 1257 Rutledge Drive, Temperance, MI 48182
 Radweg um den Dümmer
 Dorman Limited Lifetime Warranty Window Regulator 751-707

# WORK TO BE COMPLETED:
For this exercise, all the data must be repeated exactly.

# RESULT OF THIS TASK:
 1257 Rutledge Drive, Temperance, MI 48182
 Radweg um den Dümmer
 Dorman Limited Lifetime Warranty Window Regulator 751-707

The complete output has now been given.